Ali Babacan deyince akıllara ilk ekonomi geliyor. Türkiye’nin ekonomisi de malum. Ekonomiyi nasıl düzeteceksiniz?

Bizim tarımla ilgili bir projemiz var, tarım eylem planını açıkladık. Biz eylem planlarımızda onlar açıklasın 5 fazlasını da biz vereceğiz diye düşünmüyoruz. Hedef, sorumlu bakanlık, ilişkili kuruluşlar, yapılacak işlem türleri, açıklama, süre kaynak her şeyi faaliyet rapor gibi tek tek irdeleyip insanların önüne koyuyoruz. Kanal İstanbul’un maliyeti 24 ile 60 milyar dolar arası bir rakam. Kanal İstanbul’un elbette faydası vardır ancak elzem değildir. Onun yerine biz 14 milyon dolara Türkiye’deki bütün tarım arazilerini, atıllar dahil, tamamına damlama sistemi ile su götüreceğiz. Ne kadar boru lazım, ne kadar pompa gerekli, ne kadar mütahitlik iş var, ne kadar işçi çalışacak… Projenin her adımı santim sentim planlanmış. Dünyada gıdanın öneminin bu denli arttığı bir dönemde bu projenin önemini anlayabiliyor musunuz? Yılda kaç kez verim alınır, ne kadar iç pazara, ne kadarı ihraç edilir… çifçinin yüzü gülerse, ülkenin yüzü güler. Hepsinin ortalama değerleri hesaplanmış. İşte Deva Partisi yöneticileri proje adamı…

Asgari ücret ile ilgili öngörünüz nedir?

Enflasyon bir yıl önceye göre bence yüzde 120 arttı. Hepimiz marketlere gidiyoruz. Eskiden 500 liralık alışveriş yaptığımda çocukları binanın önüne çağırır birlikte eve çıkarırdık çantaları; şimdi iki poşet ye doluyor ya dolmuyor. Asgari ücrette rakam konuşmak doğru olmaz, zaten vergiyle, enflasyonla eriyor. Ama işvereni düşünmek lazım. İç piyasada zaten iş yok, ihracat yapanlar ayakta kalabiliyor. Burada önemli olan kaynakları doğru kullanıp asgari ücret üzerindeki vergileri kaldırmak gerekiyor.
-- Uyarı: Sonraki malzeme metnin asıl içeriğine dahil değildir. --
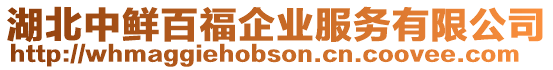 湖北中鮮百福企業(yè)服務(wù)有限公司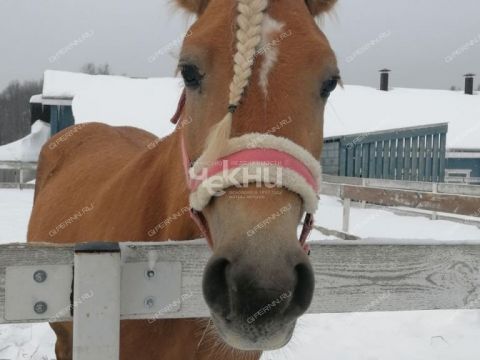 dom-kp-novaya-derevnya-vladykino-bogorodskiy-municipalnyy-okrug фото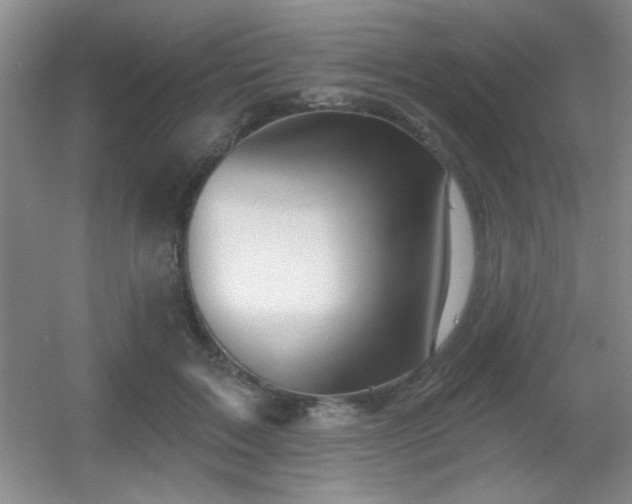 X0000056010603200508221456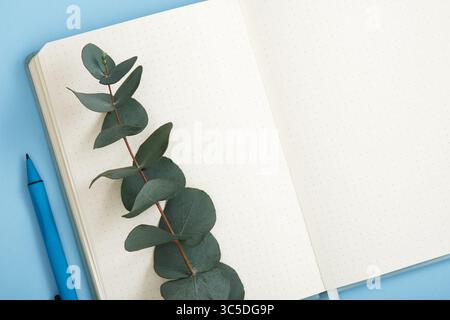 Waxflower lie on empty page of notebook. Space for your text. Stock Photo
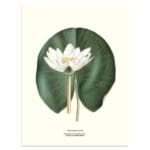 Poster White Water Lily 30x40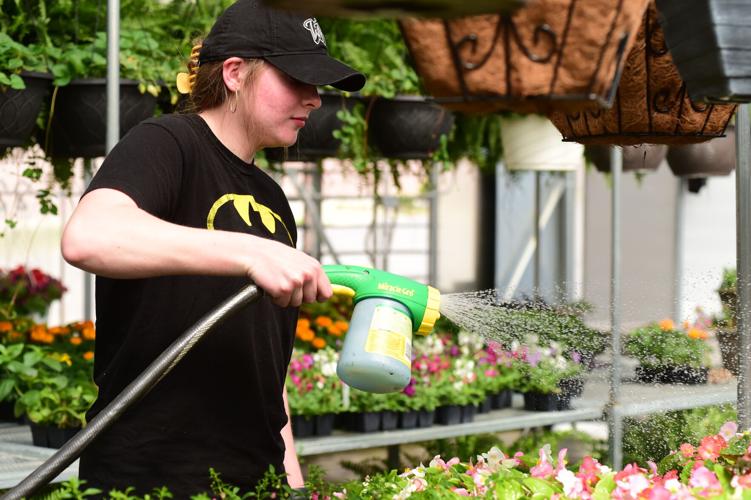 South Harrison FFA Achieves Outstanding Agricultural Program Status For Fourth Straight Year South Harrison FFA Achieves Outstanding Agricultural Program Status For Fourth Straight Year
İnsanlarda Ali Babacan ile ilgili bir heyecan var…

Bundan 10 yıl önce özel bir bankaya örneğin 100 bin lira para vermişler. Ama bugün aynı banka 20 bine satışa çıkmış ama alıcı bulamamış. Yabancıların gözünde Türkiye’deki tüm kurum, kuruluş ve özel sektörde hizmet veren her kurumun değeri 1/5 oranında düştü. Yabancılar da olaya hukuk, adalet, başımıza bir iş gelirse kimden yardım isteyeceğiz gözüyle bakıyor. Hal böyle olunca da yatırımcı yok, olanda gidiyordu. İbrahim Çanakçı diyor ki, “Yabancılar ülkeye yatırım yapmak istiyorlar ancak cesaret edemiyorlardı. Oysak doların kuru belli, cennet vatanımız onlara bedava geliyor. Şimdi ise gelip bizleri inceliyorlar, ekonominin bizim elimize geçeceğini öngörüyorlar ve yavaş yavaş gelip yatırım yapmaya başladılar.” Biz muhalefetteyken bile bu ülkeye kar sağlıyoruz.

Güçlendirilmiş parlamenter sistem ile ilgili söylemleri var partinizin, nasıl yapacaksınız?

Güçlendirilmiş parlamenter sistemin çıkış noktası bizde. Güçlendirilmiş parlamenter sistem bizim mutfağımızda pişiyor. Diğer partiler yalnızca bizim projemize katkı sağlıyorlar. Güçlendirilmiş parlamenter sistem mi, Cumhurbaşkanlığı sistemi mi? Bu soru yanlış, insanlar bunu duyduklarında eski parlamenter sistemi algılıyorlar. Bizler eski parlamento sisteminin uygulanamadığını, tıkandığını gördük.  Bizim çalışmamız şu şekilde. Öncelikle bizler eski sistemle yeni sistemin farklarını anlatıyoruz.  Eskiden Cumhurbaşkanı veto koyuyordu, aylarca bir yasanın geçmesi için uğraşılıyordu. Bizler diyoruz ki, yeni sistemde bizim Cumhurbaşkanımız temsil makamı olacak, onay makamı değil. AK Parti bu konuyla ilgili, ‘Biz cumhurbaşkanını seçme yetkisini halka verdik, seçtiriyoruz da bunlar daha Cumhurbaşkanını kim seçsini tartışıyorlar” diyerek sığ bir eleştiri getiriyorlar. Parlamento nasıl güçlendirilir, bir yerlerden güç devşirmek lazım. İşte biz bunların çalışmasını yaptık.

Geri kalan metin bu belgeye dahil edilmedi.